Ce week-end, pendant que certains iront déguster des nectars artisanaux à Saint Nicolas (suivez mon regard), je brasserai mon second brassin.
La première fois, j'avais réalisé une brune de style "Brown Porter", dont il ne me reste malheureusement pour moi, que deux ou trois bouteilles sur les 15 litres brassés. Cela dit, je pourrais dire "heureusement pour moi", parce tous mes cobayes ont non seulement survécu dans de parfaites conditions, mais ont aussi apprécié ce qu'ils avaient bu. Cela fait une drôle d'impression de se mettre une mite avec sa propre bière, mais ceci est une autre histoire.
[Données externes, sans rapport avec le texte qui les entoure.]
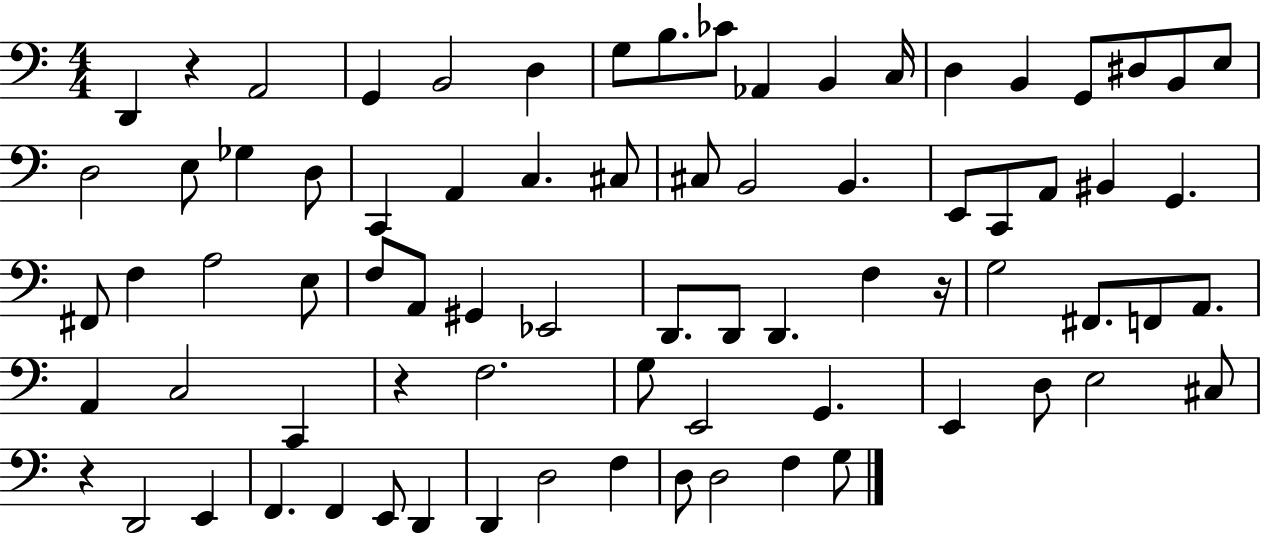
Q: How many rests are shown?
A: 4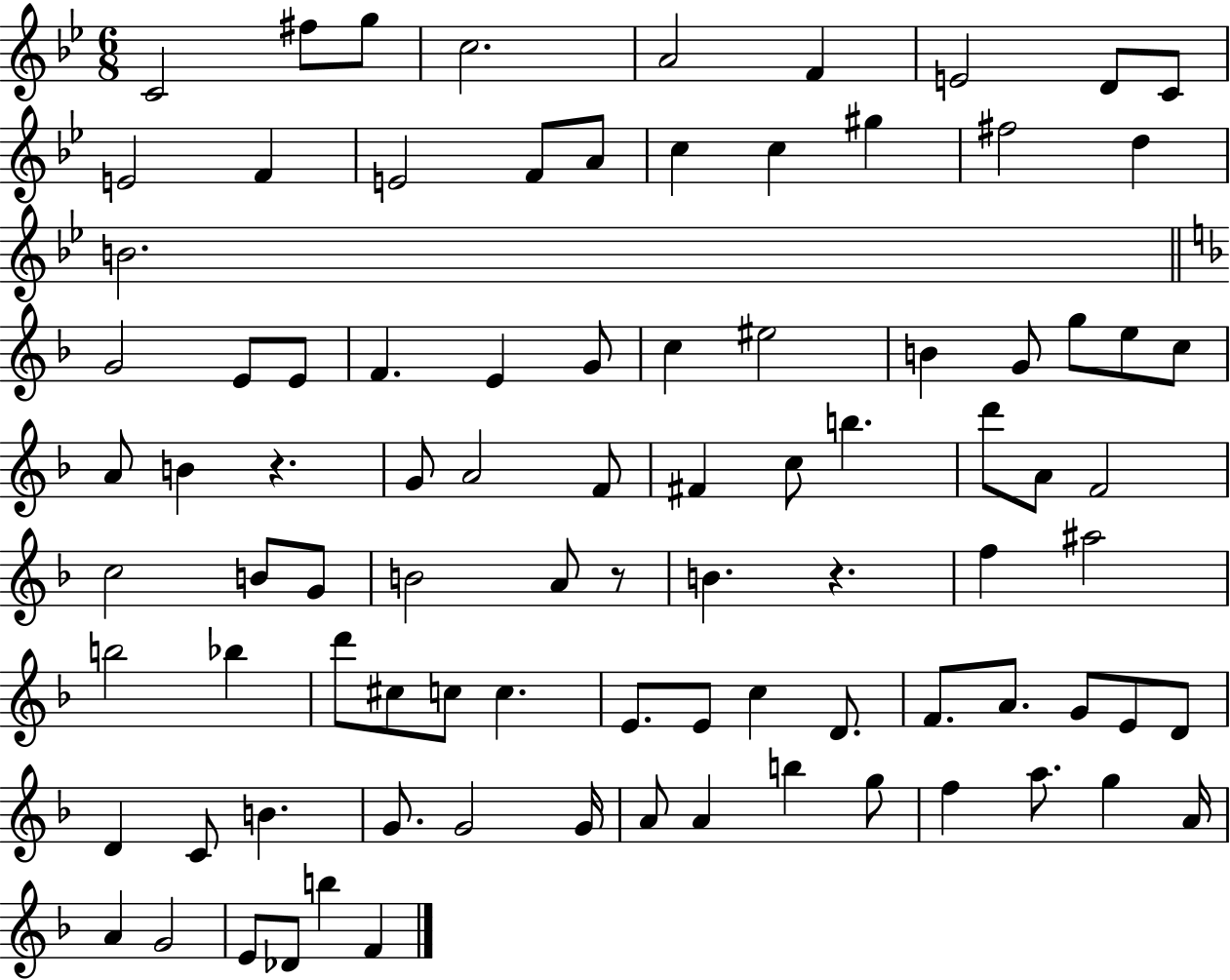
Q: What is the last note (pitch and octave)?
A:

Bref, la recette que j'avais appliquée était le travail de tout un été. Tous mes calculs avaient été faits à la main, densité, taux d'alcool, IBU etc. Une vérification sur BeerTools récente m'a montré que mes calculs étaient justes, et que ma bière correspondait à 80% au style, les 20% manquant étant dus à un houblonnage plus marqué, proche de celui des stouts (43.
Pour élaborer la recette, j'ai dû penser à plusieurs facteurs : quel type de bière est-ce que je voulais, quel goût voulais-je retrouver, quelle texture, quelle "pétillance" (ça existe ce mot?), quelles flaveurs etc.
Amateur de brunes (et oui
Ensuite la levure. J'ai pas cherché très loin, j'ai pris de la SafAle 04. Rien que l'odeur de la levure est un délice, je vous la conseille.
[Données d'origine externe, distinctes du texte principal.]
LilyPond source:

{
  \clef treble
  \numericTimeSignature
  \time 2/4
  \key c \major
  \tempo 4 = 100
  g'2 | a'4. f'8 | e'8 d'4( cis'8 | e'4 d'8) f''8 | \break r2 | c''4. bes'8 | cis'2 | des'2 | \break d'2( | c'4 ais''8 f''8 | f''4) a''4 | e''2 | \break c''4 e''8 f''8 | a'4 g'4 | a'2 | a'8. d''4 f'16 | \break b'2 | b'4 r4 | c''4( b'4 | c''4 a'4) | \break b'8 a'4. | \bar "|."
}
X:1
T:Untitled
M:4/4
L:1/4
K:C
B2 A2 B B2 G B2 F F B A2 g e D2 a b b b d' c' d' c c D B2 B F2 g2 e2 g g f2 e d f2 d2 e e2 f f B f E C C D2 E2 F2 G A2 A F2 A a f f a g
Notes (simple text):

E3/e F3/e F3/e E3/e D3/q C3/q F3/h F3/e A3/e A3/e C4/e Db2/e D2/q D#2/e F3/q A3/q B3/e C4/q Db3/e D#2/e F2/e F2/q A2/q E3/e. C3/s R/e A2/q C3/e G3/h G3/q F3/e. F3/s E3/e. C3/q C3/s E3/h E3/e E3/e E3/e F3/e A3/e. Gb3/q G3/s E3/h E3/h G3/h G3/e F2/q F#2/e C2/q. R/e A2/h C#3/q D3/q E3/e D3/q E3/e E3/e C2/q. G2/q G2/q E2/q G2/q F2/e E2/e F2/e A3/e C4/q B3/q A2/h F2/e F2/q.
Parti sur une densié de base de 1.050, j'ai donc fait mes petits calculs.
Considérons 50° de densité (1.050), sachant que chaque gramme de malt apporte 0.28° pour le blond, 0.24° pour le caramel, 0.19° pour le chocolat. Je ne compte pas le noir, car je n'en ai mis que 5% du poids total.
X x 0.28 + Y x 0.24 + Z x 0.19 = 50
TRois inconnues, c'est pas dramatique en cuisine. Il suffit d'éliminer la première en considérant que le malt de base doit être quantitativement le plus important. Donc, après moults tâtonnements, cela nous donne :
125gr Malt BLond
53.5gr. Malt Caramel
10 gr. Malt chocolat
Et tout ça par litre. Multipliez par 15, et vous aurez la recette pout quinze litres.
1875gr. Blond
800gr. Caramel
150gr. Chocolat
Et 5% de malt noir.
Pour le houblon, je voulais le faire en trois parties : amèrisation, aromatisation, et houblonnage "à cru".
J'ai utilisé pour celà 15 gr. de Nugget (60 min), 12.5 de Cascade (15 min) et 12.5 de Fuggles (5 min).
Après refroidissement du moût, passage dans la cuve de fermentation et là, stupeur, je n'avais plus mes quinze litres ! (normal, hé, couillon, entre ce que le grain a absorbé et ce qui s'est évaporé, il en manque fatalement! Réfléchis !)
J'ai corrigé tout ça en ramenant le volume à quinze litre, et corrigé avec du sucre de table dilué (1gr saccharose= 0.42° de densité).
Je vous l'ai pas dit, mais le brassage avait commencé vers 12h. Au moment du passage en cuve, il est 19h30. Et le fait que je n'aie pas de refroidisseur m'oblige à attendre que le moût soit en dessous de 20° pour ensemencer.
Bon, 21h30, 20°, plouf les levures.
Le lendemain (j'ai pas bien dormi, allez savoir pourquoi), rush vers la salle de brassage et là, oh! La bonde glougloute comme une folle (si une bonde peut-être folle). J'ai dû passer une demi-heure le nez collé à la bonde pour sentir les éfluves de la fermentation ! On dit à ce propos que les gaz de fermentation alcooliques ne sentent pas bon, ben en ce qui me concerne, c'est archi-faux. Ca sent bon la bière !
Six jours plus tard, ce fut le changement de cuve pour la fermentation secondaire.